ATHENES: Le président libanais Joseph Aoun a demandé lundi l'aide de la Grèce "autant que possible" pour l'application de l'accord cadre conclu entre Israël et le Liban fin juin, sous l'égide des Etats-Unis.

"Cet accord doit être mis en oeuvre dans son intégralité et non de manière sélective", a souligné le président Aoun, lors d'un point-presse avec le Premier ministre grec Kyriakos Mitsotakis, à Athènes.

"Nous demandons autant que possible l'assistance de la Grèce pour aider le Liban à le mettre en oeuvre" et "l'aide de la Grèce dans toutes les instances internationales", y compris "aux Nations unies", a-t-il ajouté.

L'accord conclu le 26 juin entre Israël et le Liban, sous l'égide des Etats-Unis, prévoit que l'armée libanaise rétablisse son autorité dans le sud du pays, sous réserve du désarmement du Hezbollah, à commencer par des "zones pilotes" dont se retirerait l'armée israélienne.

Le Hezbollah a entraîné le Liban dans la guerre régionale en menant des frappes sur Israël en soutien à Téhéran, le 2 mars, déclenchant des bombardements aériens israéliens massifs et une offensive terrestre, qui ont fait plus de 4.300 morts, selon les autorités libanaises.

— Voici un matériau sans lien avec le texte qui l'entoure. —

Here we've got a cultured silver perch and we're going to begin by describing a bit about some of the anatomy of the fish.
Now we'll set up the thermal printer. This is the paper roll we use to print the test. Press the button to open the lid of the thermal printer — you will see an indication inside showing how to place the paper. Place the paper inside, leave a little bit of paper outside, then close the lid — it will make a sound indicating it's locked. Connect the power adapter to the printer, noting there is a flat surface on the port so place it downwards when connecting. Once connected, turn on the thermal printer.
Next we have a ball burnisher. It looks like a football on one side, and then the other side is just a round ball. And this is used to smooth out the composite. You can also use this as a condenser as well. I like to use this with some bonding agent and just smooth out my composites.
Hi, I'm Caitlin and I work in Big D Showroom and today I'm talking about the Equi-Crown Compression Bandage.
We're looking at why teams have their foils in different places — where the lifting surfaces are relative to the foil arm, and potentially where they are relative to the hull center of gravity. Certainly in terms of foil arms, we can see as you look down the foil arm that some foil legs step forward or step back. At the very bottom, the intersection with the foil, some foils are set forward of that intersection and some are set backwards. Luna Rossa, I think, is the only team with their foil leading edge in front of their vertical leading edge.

Le président Aoun a particulièrement insisté sur "le retrait total de l'occupation (israélienne: ndrl) et le contrôle complet de notre territoire par nos seules forces armées".

Pour sa part, Kyriakos Mitsotakis a assuré que la Grèce soutenait "sans aucune réserve la souveraineté, l'indépendance, mais aussi l'unité du Liban".

"La Grèce, en tant qu'ami traditionnel à la fois du Liban et du monde arabe, et en même temps partenaire stratégique d'Israël, est prête à soutenir tout effort de désescalade et de compréhension mutuelle", a-t-il insisté, rappelant que son pays a envoyé de l'aide militaire et humanitaire au Liban.

La Grèce entretient historiquement de bonnes relations avec les pays arabes, en développant parallèlement ces dernières années une coopération étroite avec l'Israël en matière de sécurité et de défense.

Lundi, Athènes s'est félicité d'avoir signé un accord majeur avec Israël pour l'achat d'un système de défense antiaérienne d'environ trois milliards d'euros.